(Scraped caption text data)
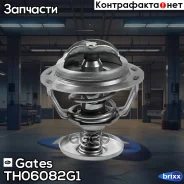 ��������� [82C] 7412-10468 FORD Fiesta IV/V/Ka Gates ���. TH06082G1 TH06082G1 ����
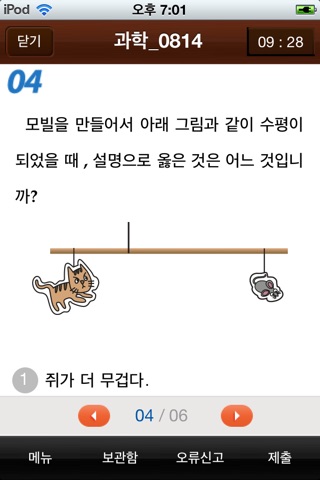 꿀맛닷컴 screenshot 2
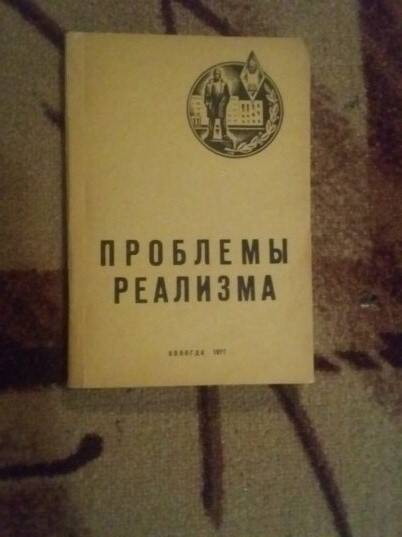 Книга под редакцией проф. В. В. Гура  «Проблемы реализма»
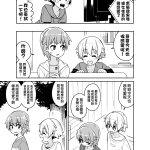 雌墮bl漫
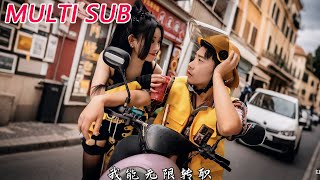 我能无限转职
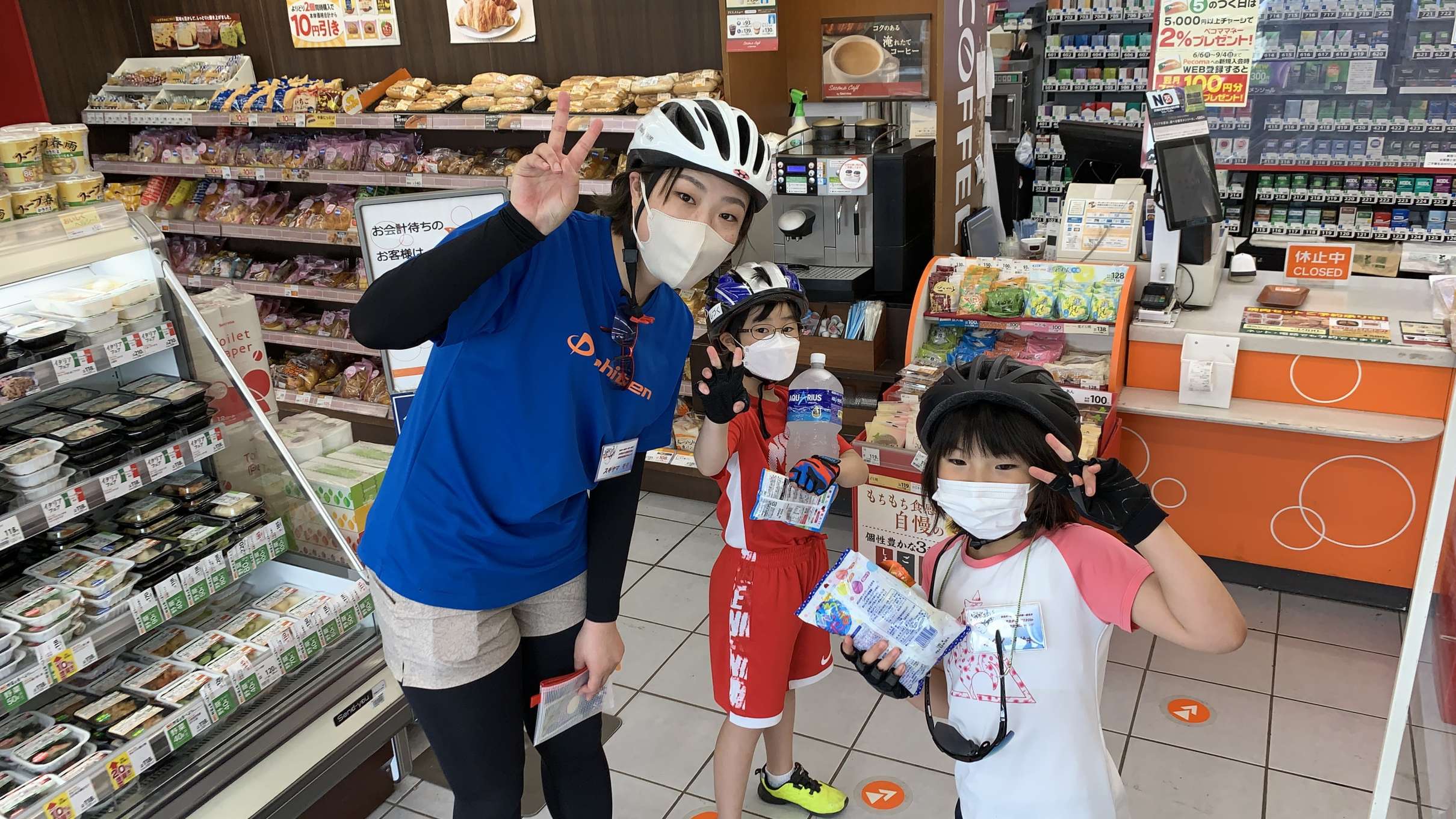 チャリチャレ2022 Day1 写真 13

▶ [How to complete this task] A verbatim copy of every entry above, with no pictures, is the expected output.

▶ [The completed task]
 ��������� [82C] 7412-10468 FORD Fiesta IV/V/Ka Gates ���. TH06082G1 TH06082G1 ����
 꿀맛닷컴 screenshot 2
 Книга под редакцией проф. В. В. Гура  «Проблемы реализма»
 雌墮bl漫
 我能无限转职
 チャリチャレ2022 Day1 写真 13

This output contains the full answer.